Downtown is go-to place for making art

Today’s Parade to interrupt traffic downtown

•Registration for participation in the parade will run from 10:30 a.m. until noon, when the parade is scheduled to begin.

•The parade will start at the Lawrence Arts Center, 940 N.H., and will continue south to 11th Street. The parade caravan will then turn right onto Massachusetts Street and head north to Seventh before looping back around toward the Arts Center.

•An informal awards ceremony will follow the parade about 1:30 p.m.

•There will be a post-parade block party in the East 100 block of 10th Street until 5 p.m. The block party is open to all ages and will include live music, food and beverages.

There was paint everywhere.

It was on the doors, the windows, the ground, the roof and everywhere in between.

And it was supposed to be.

Children and their parents spent a few hours downtown Friday night painting and decorating cars of the real and cardboard cutout varieties as part of the pre-parade festivities for the 2011 Art Tougeau Parade.

The activities in the 900 block of New Hampshire Street on Friday included car-related arts and crafts as well as a car-horn symphony and live music from local groups.

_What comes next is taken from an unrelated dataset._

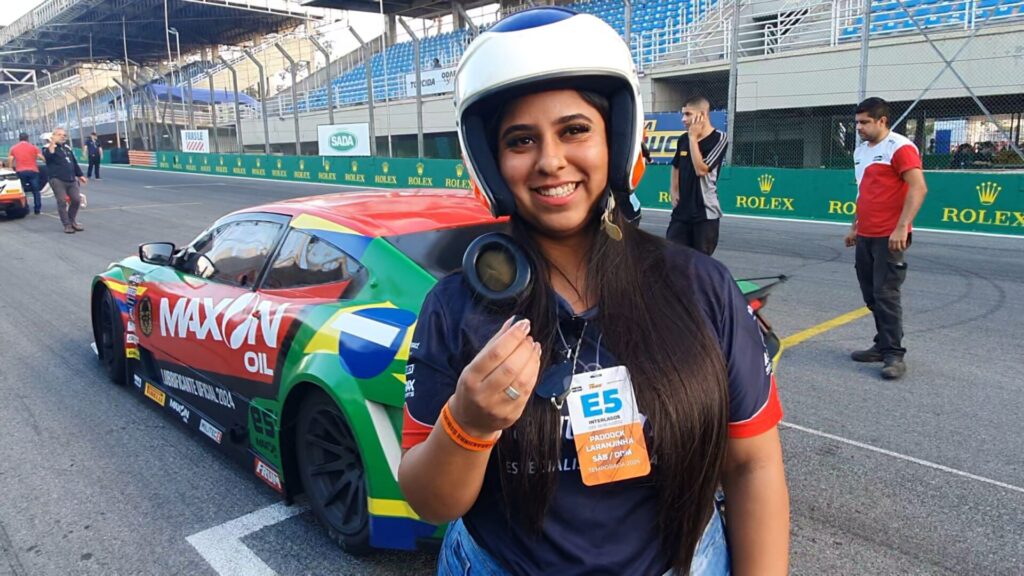 Beatriz Silva não conteve a empolgação com a adrenalina lá em cima na volta rápida em Interlagos. Foto: Renyere Trovão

Sarah Geisler brought her two sons, Andrew, 9, and Elliott, 4, to participate in the good but maybe not-so-clean family fun. The two youngsters splattered and spread various paints on a Volkswagen before beginning their own cardboard masterpieces.

“They love the arts, absolutely,” Geisler said. “It’s summer. They’ve got to have something to do.”

Everyone Friday had something to do. The joint effort of the Lawrence Arts Center, Art Tougeau and local businesses such as Free State Brewing Co. and Biemer’s BBQ had everybody mingling. Michel Loomis, an area teacher and Arts Center board member, watched as children personalized their crafty cars.

“It just elevates your soul, that’s what it does,” Loomis said of the arts. “I don’t know how people live without it.”

The festivities are scheduled to continue this afternoon with the parade, BMX bikers, skateboarders and more live music. Children who created cardboard vehicles Friday have the option to participate in the parade festivities. The events are open to the public and free to attend.

And all the paint left behind from the evening’s activities?

“It’s water-based,” Loomis said. “It’ll all wash away.”